* _What you have to do_
All lines below starting at the one that holds "darkvortiger's tweet image." and ending at the one that holds "just about football" should be printed exactly, ends included. Pictures should not be printed, nor anything else.

* _Given data_
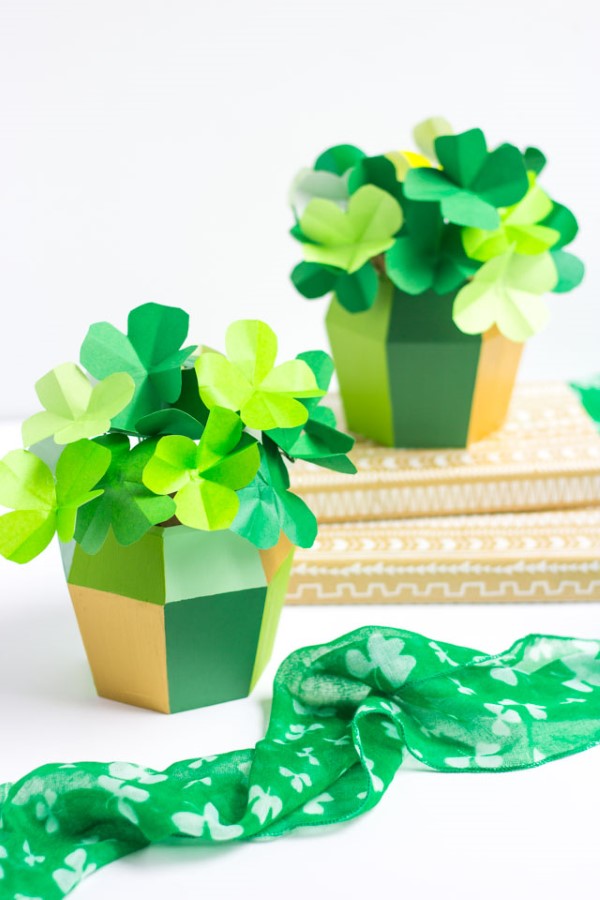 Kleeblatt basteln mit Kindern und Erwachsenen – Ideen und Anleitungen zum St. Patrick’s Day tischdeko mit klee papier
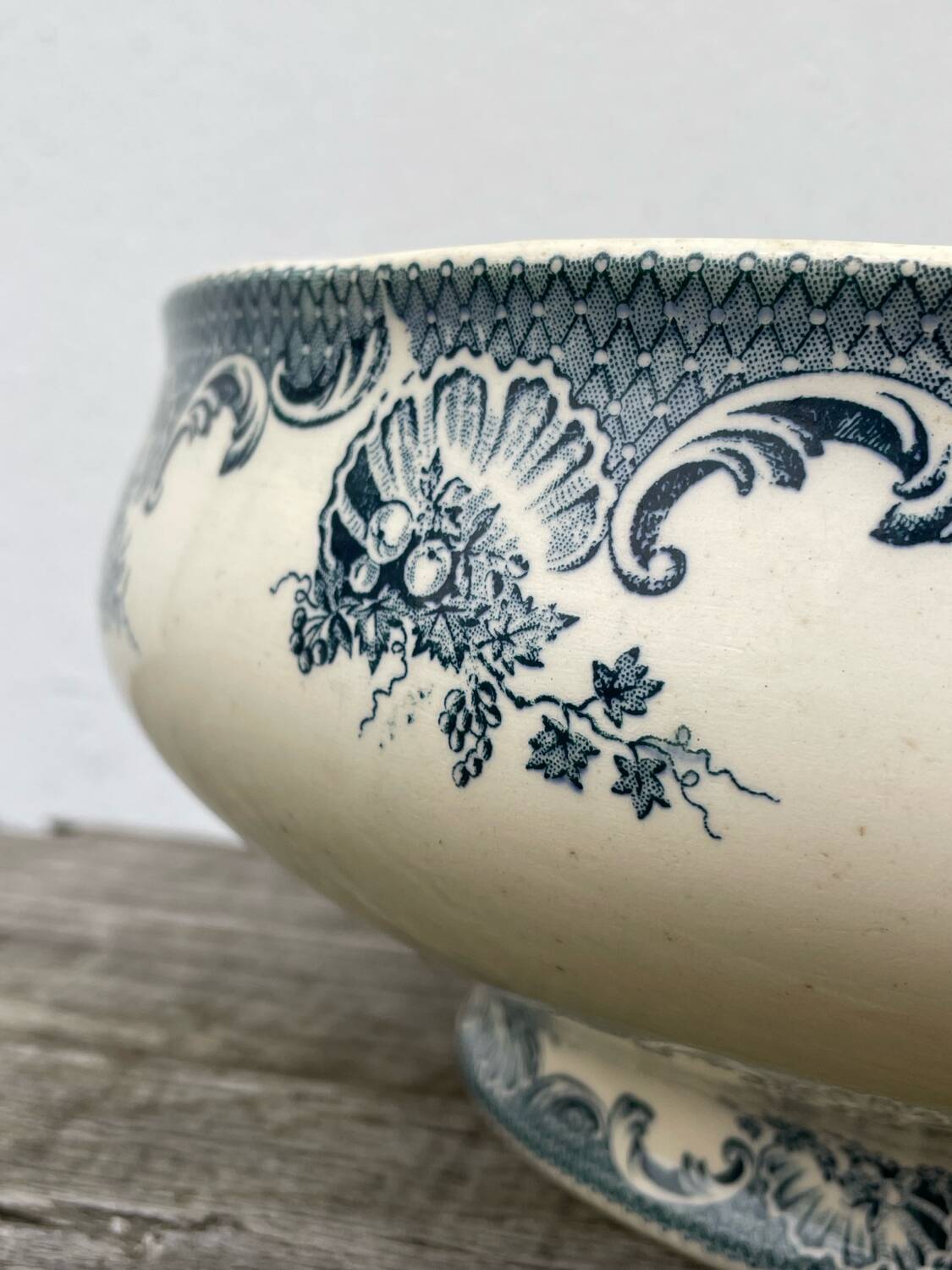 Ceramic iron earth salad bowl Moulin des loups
* * *
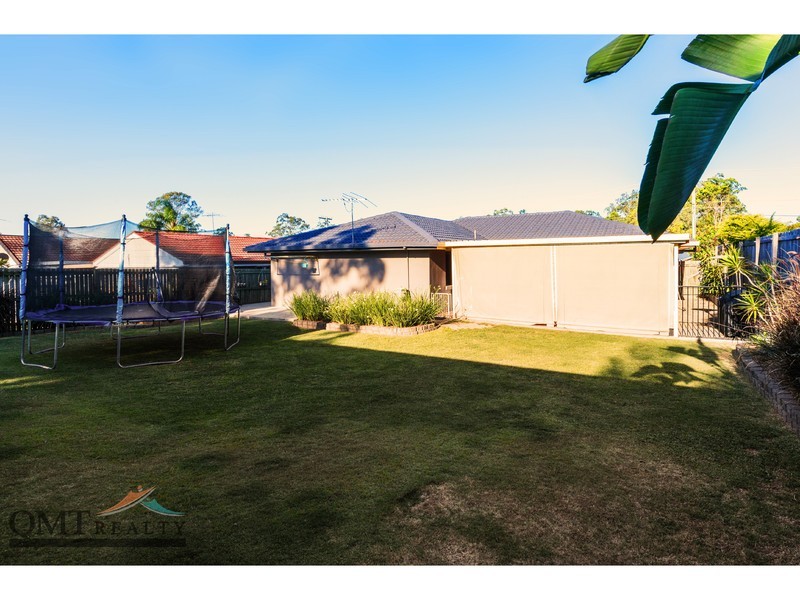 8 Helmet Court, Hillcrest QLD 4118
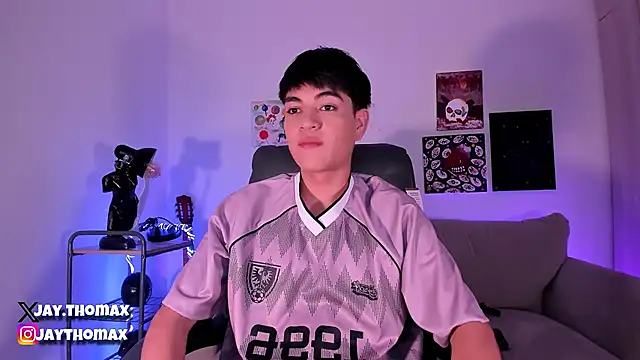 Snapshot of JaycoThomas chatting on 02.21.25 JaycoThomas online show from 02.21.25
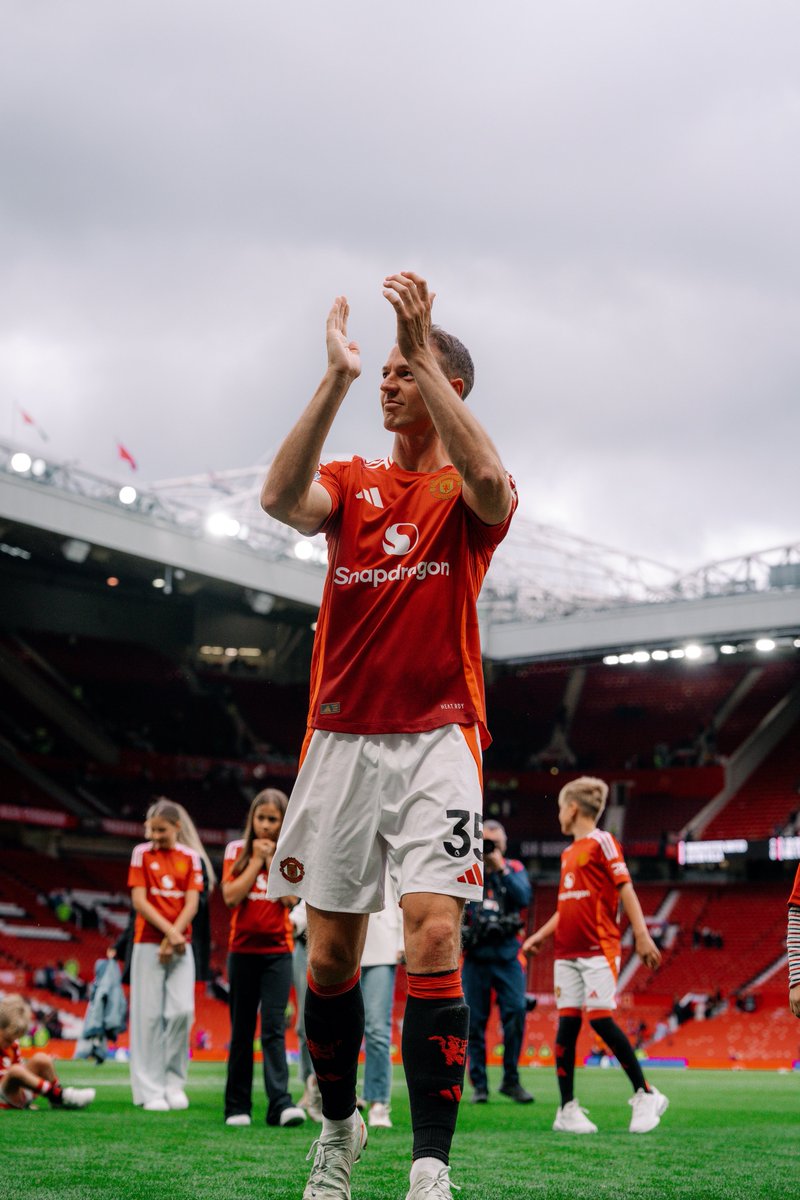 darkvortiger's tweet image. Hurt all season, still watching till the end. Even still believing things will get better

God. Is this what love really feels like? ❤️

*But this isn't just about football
...
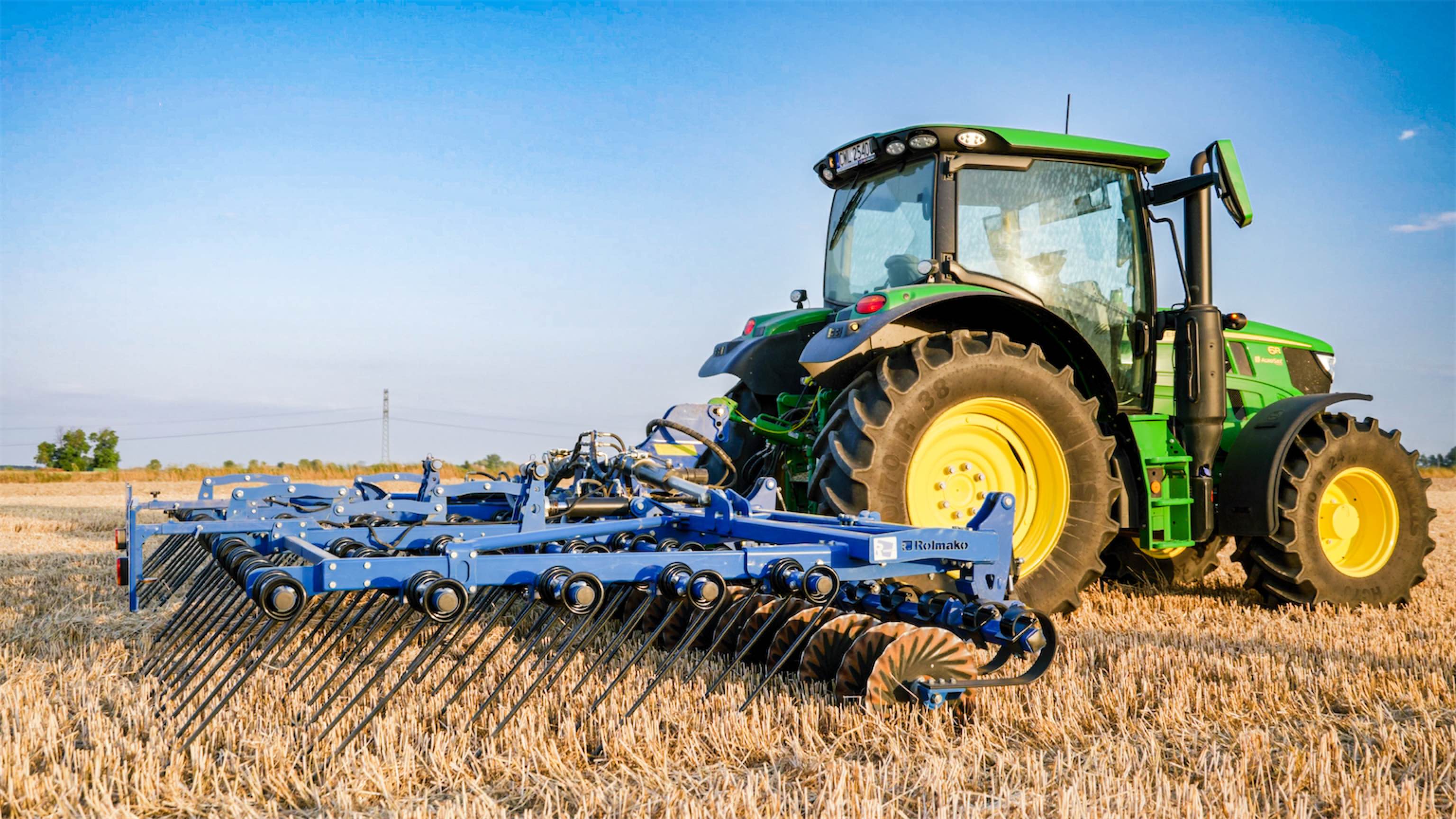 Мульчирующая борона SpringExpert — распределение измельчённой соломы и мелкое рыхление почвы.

* _Output below_
 darkvortiger's tweet image. Hurt all season, still watching till the end. Even still believing things will get better

God. Is this what love really feels like? ❤️

*But this isn't just about football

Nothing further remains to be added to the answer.